(Image-caption web data)
*** Block opens ***

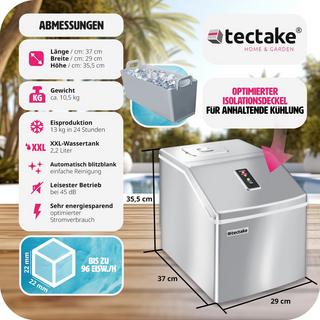 Tectake Macchina per cubetti di ghiaccio trasparenti  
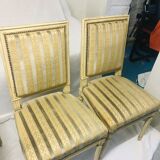 Suite of 4 Louis XVI-style chairs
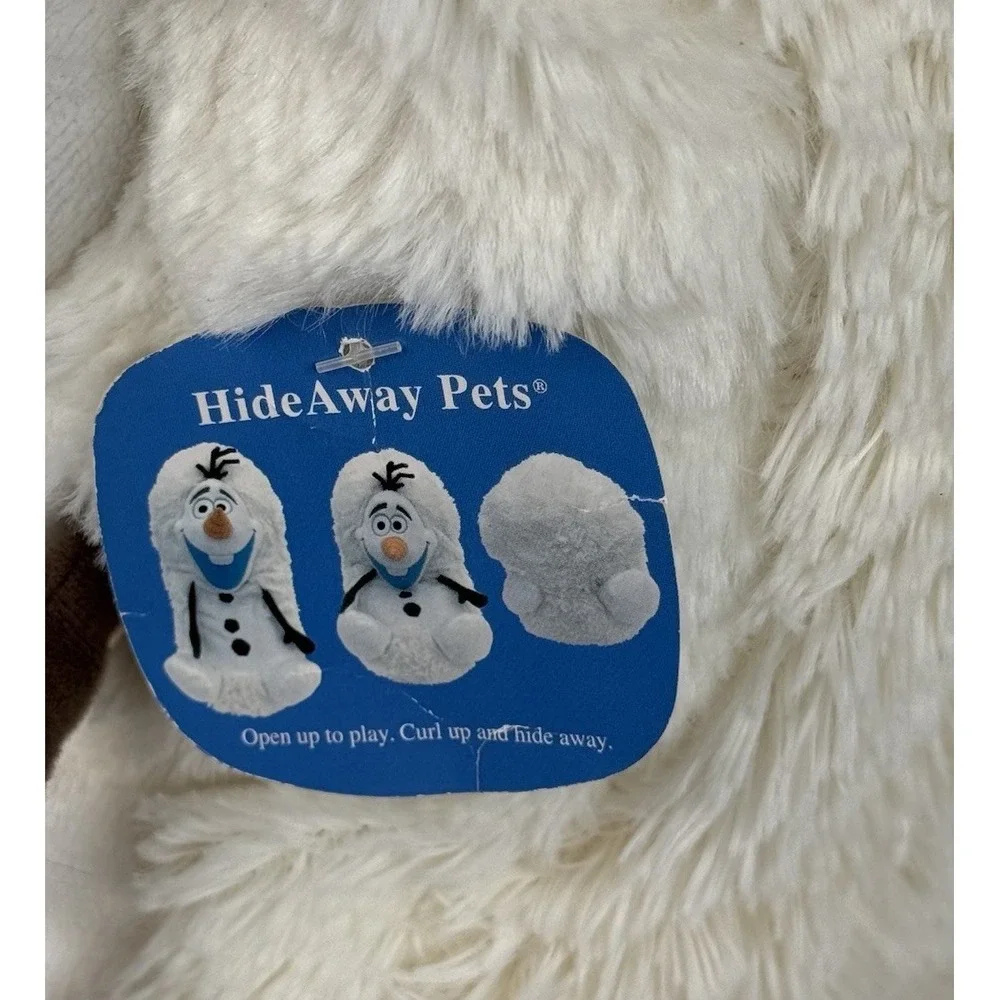 Disney HideAway Pets Pillow Frozen Olaf Snowman White Plush Children Winter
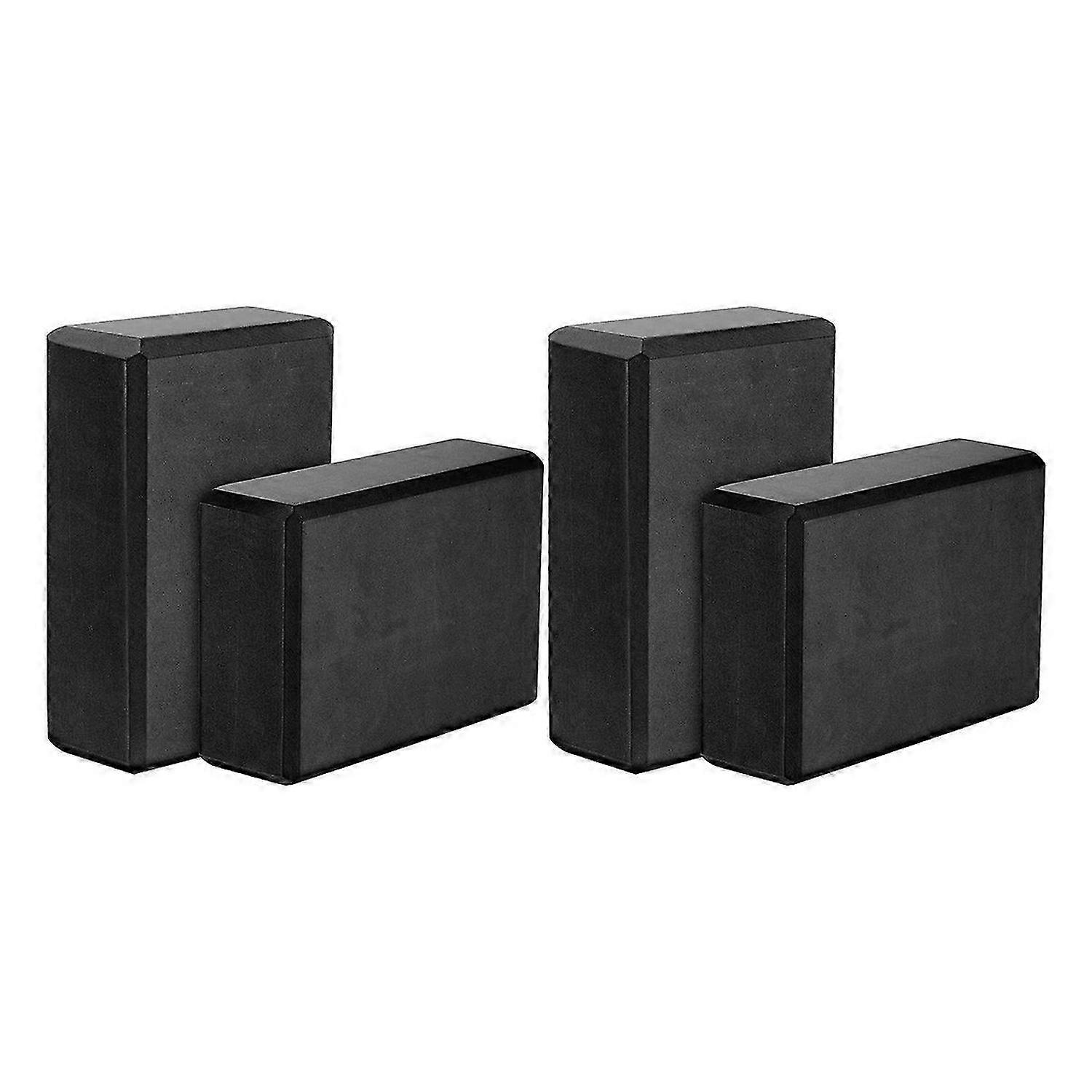 Yoga Blocks 2 Pack,EVA Foam Yoga Block Exercise Bricks,Black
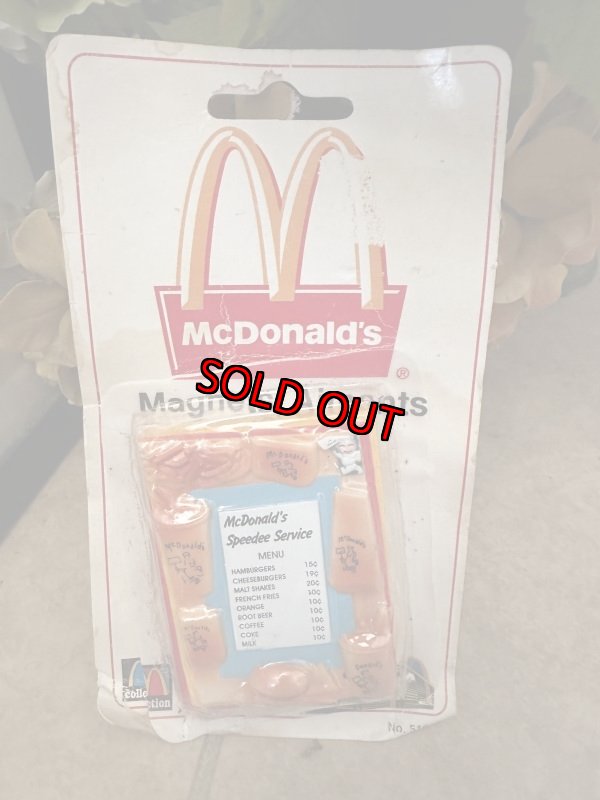 画像7: McDonald’s magnet 1999年 set of 4 / マクドナルド、ブリスター入り　マグネット　4点セット (7)
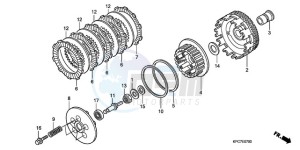 XL125VA EU / CMF - (EU / CMF) drawing CLUTCH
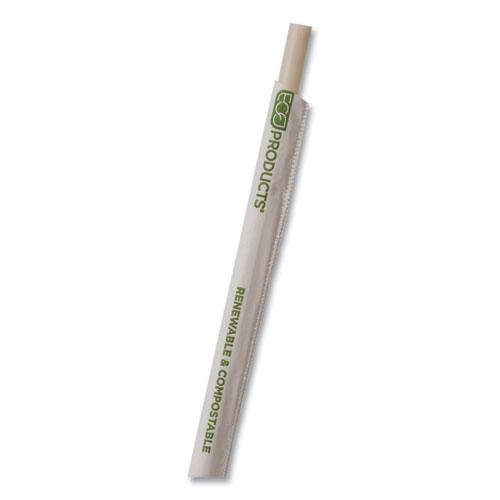 Renewable and Compostable PHA Straws, 10.25", Natural White, 1,250/Carton. Picture 2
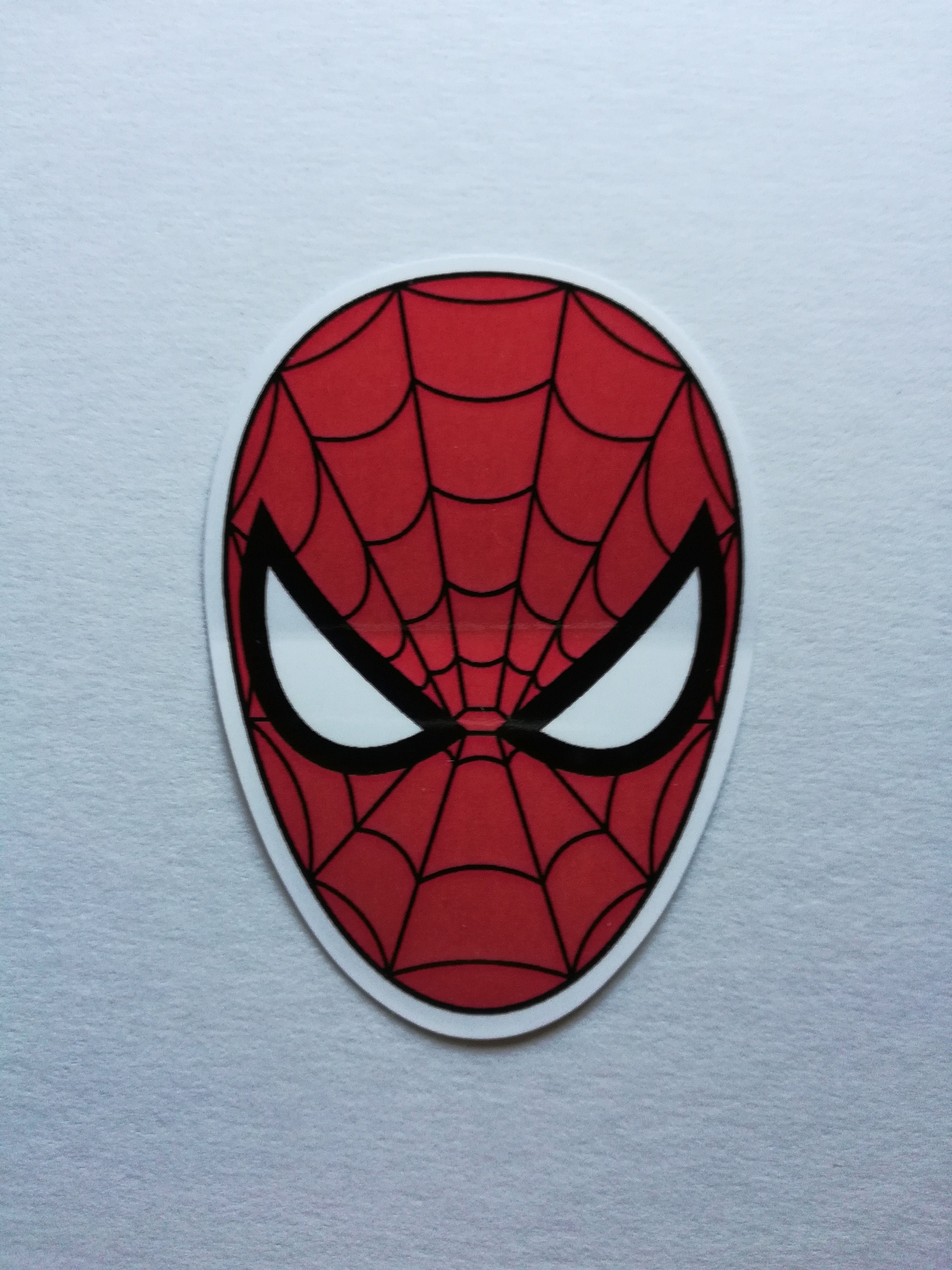 Spiderman Inspired Sticker Etsy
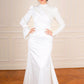 Off-white Mermaid Simple Bridal Dress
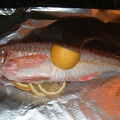 Red mullet stuffed with lemon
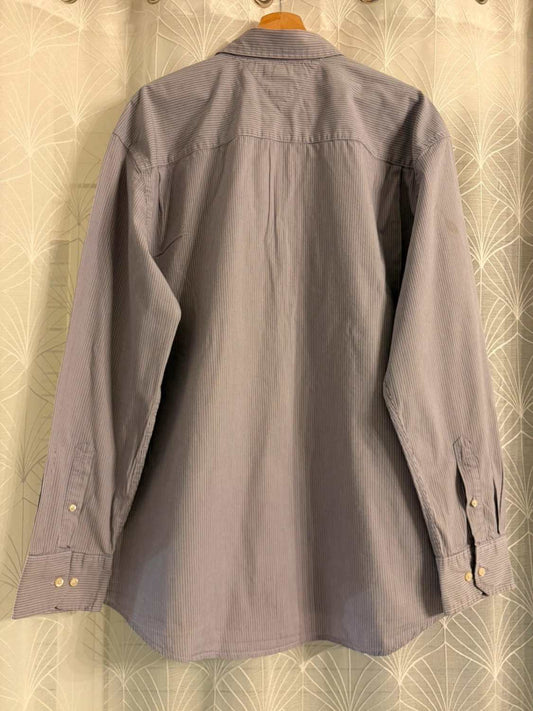 Chemise Tommy Hilfiger Custom Fit Rayée Lila/Blanc – Taille XXL | Seconde Main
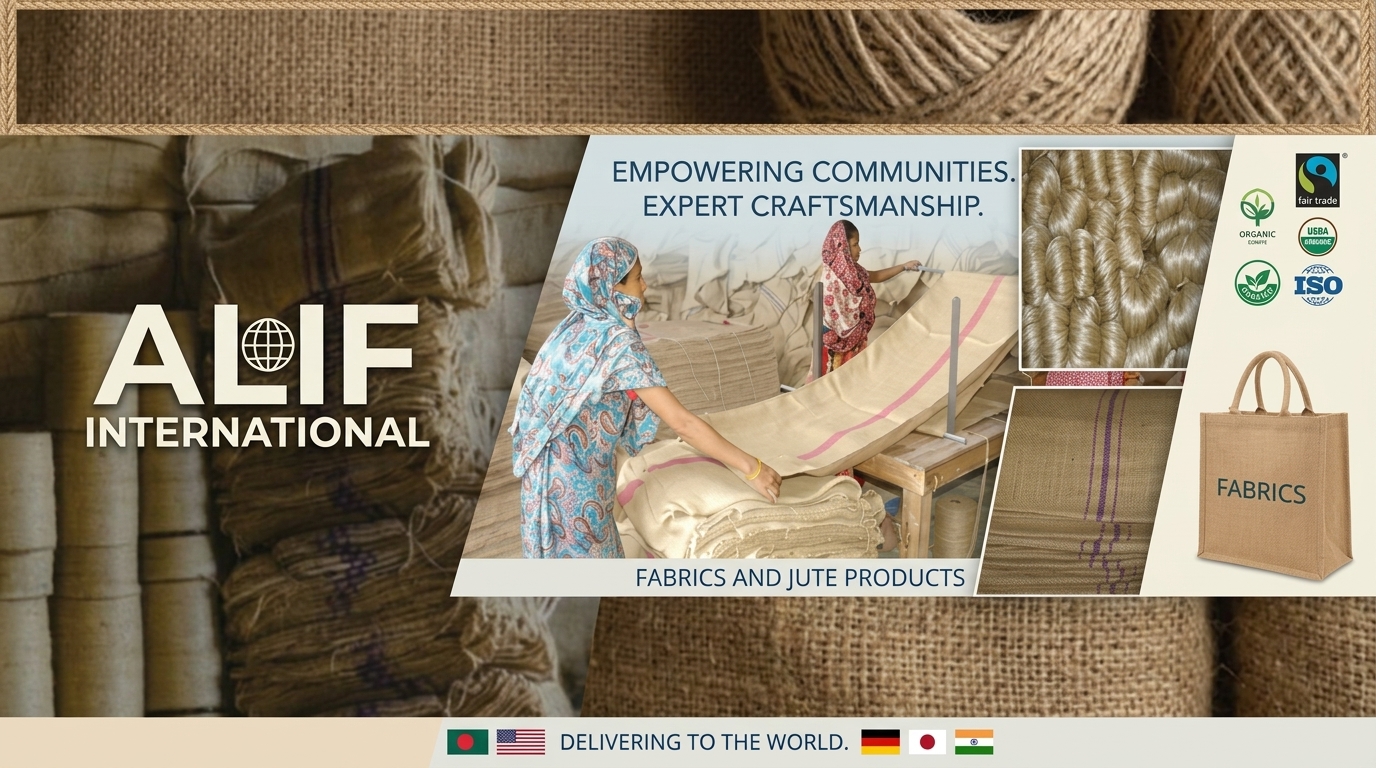 Alif International fabrics and jute products — empowering communities and expert craftsmanship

*** Block closes ***

Task instructions: Would you please repeat only the lines above, beginning at the one that has "XL125VA EU / CMF - (EU / CMF) drawing CLUTCH" and stopping after the one that has "Red mullet stuffed with lemon", exactly and with no pictures?

Answer for the task:
 XL125VA EU / CMF - (EU / CMF) drawing CLUTCH
 Renewable and Compostable PHA Straws, 10.25", Natural White, 1,250/Carton. Picture 2
 Spiderman Inspired Sticker Etsy
 Off-white Mermaid Simple Bridal Dress
 Red mullet stuffed with lemon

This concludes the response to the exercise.